[inference] refactor examples and fix schedule (#5077)

* [setup] refactor infer setup * [hotfix] fix infenrece behavior on 1 1 gpu * [exmaple] refactor inference examples
2025-09-27 12:43:02 +00:00 · 2023-11-21 10:46:03 +08:00
parent 4e3959d316
commit 1cd7efc520
9 changed files with 209 additions and 274 deletions
--- a/colossalai/inference/engine/engine.py
+++ b/colossalai/inference/engine/engine.py
@@ -33,13 +33,16 @@ class InferenceEngine:
    Args:
        tp_size (int): the size of tensor parallelism.
        pp_size (int): the size of pipeline parallelism.
+        dtype (str): the data type of the model, should be one of 'fp16', 'fp32', 'bf16'.
        model (`nn.Module`): the model not in pipeline style, and will be modified with `ShardFormer`.

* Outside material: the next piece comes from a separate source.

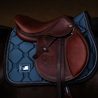 Podsedlová dečka Equestrian Stockholm Crystal Shine Blue Meadow Kolekce 2026/27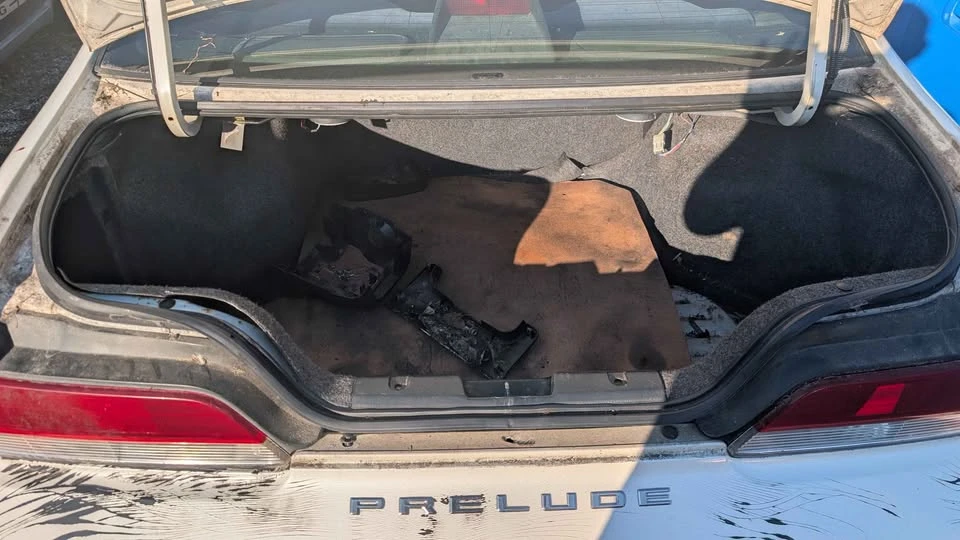 1999 Honda Prelude 5th Gen - Image 7 of 17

-        model_policy (`colossalai.shardformer.policies.base_policy.Policy`): the policy to shardformer model.
-        micro_batch_size (int): the micro batch size.
+        model_policy (`colossalai.shardformer.policies.base_policy.Policy`): the policy to shardformer model. It will be determined by the model type if not provided.
+        micro_batch_size (int): the micro batch size. Only useful when `pp_size` > 1.
        micro_batch_buffer_size (int): the buffer size for micro batch. Normally, it should be the same as the number of pipeline stages.
        max_batch_size (int): the maximum batch size.
        max_input_len (int): the maximum input length.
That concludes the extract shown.